Smallest footprint: least disk per byte stored

When storage cost is the constraint, space amplification is the number that matters. LSM engines compress 1 KB values below their raw size; one engine here uses 22x.

This is the workload where the bill is the constraint: you have a lot of data, it lives somewhere you pay for by the gigabyte, and the question is which engine stores the same data in the least space.

The number is space amplification: bytes on disk divided by bytes of actual data. 1.0x is break-even. Below 1.0x means the engine compressed your data. Above 1.0x means overhead, old versions, or padding you are paying to keep.

The numbers

On-disk size after writing 100,000 keys of 1 KB each, as a multiple of the raw data:

Engine Shape Space amplification Reads this as
goleveldb LSM 0.15x Compressed to a seventh of raw
pebble LSM 0.26x Compressed to a quarter of raw
buntdb in-memory B-tree 1.03x About break-even
pogreb hash-log 2.04x Twice the data
bbolt B+tree 2.33x Page overhead
sqlite B-tree 4.50x Page and index overhead
tamnd/kv hash-log 4.97x Log plus index overhead
badger LSM 22.16x Value log not yet reclaimed

The LSM engines that sort and compress in the background, goleveldb and pebble, store 1 KB values in a fraction of their raw size. That is the LSM payoff: the same background work that makes writes cheap also packs the result tightly.

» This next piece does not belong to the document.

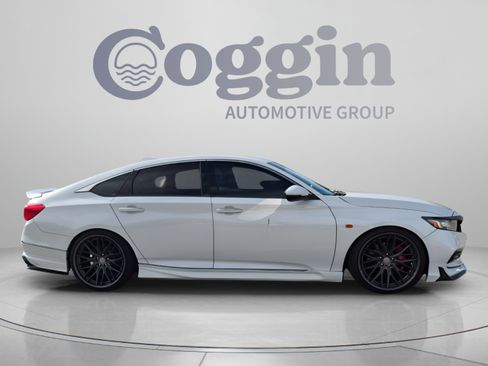Used 2019 Honda Accord Touring image 7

badger is the cautionary tale. It is one of the fastest writers, but it keeps values in a separate log and reclaims dead space lazily, so right after a write-heavy run it can sit at 22x the data size. That space comes back as its garbage collector runs, but if you provision disk for the steady state, provision generously.

Watch the update workloads

The fillrandom numbers above are fresh writes. Updates change the picture, because some engines keep old copies until they compact:

Engine Fresh writes Under hot-key updates
pebble 0.26x 0.3x
goleveldb 0.15x 0.2x
buntdb 1.0x 1.0x
badger 22x 22x
tamnd/kv 5.0x 53x

tamnd/kv holds 5x on fresh writes but balloons to 53x under a hot-key update burst, because every update appends a new copy and the old ones wait for compaction. If your data churns, the mixed scenario covers this in full; the short version is that tamnd/kv is a poor fit for update-heavy storage on a disk budget.

What to pick

  • goleveldb or pebble when storage cost is the constraint. They store your data smaller than it arrives and stay compact under updates.
  • buntdb if you want a predictable 1.0x and the dataset fits in RAM.

What to avoid

  • badger when disk is tight, unless you account for its lazy reclamation.
  • tamnd/kv for update-heavy data on a disk budget, because of the 53x churn.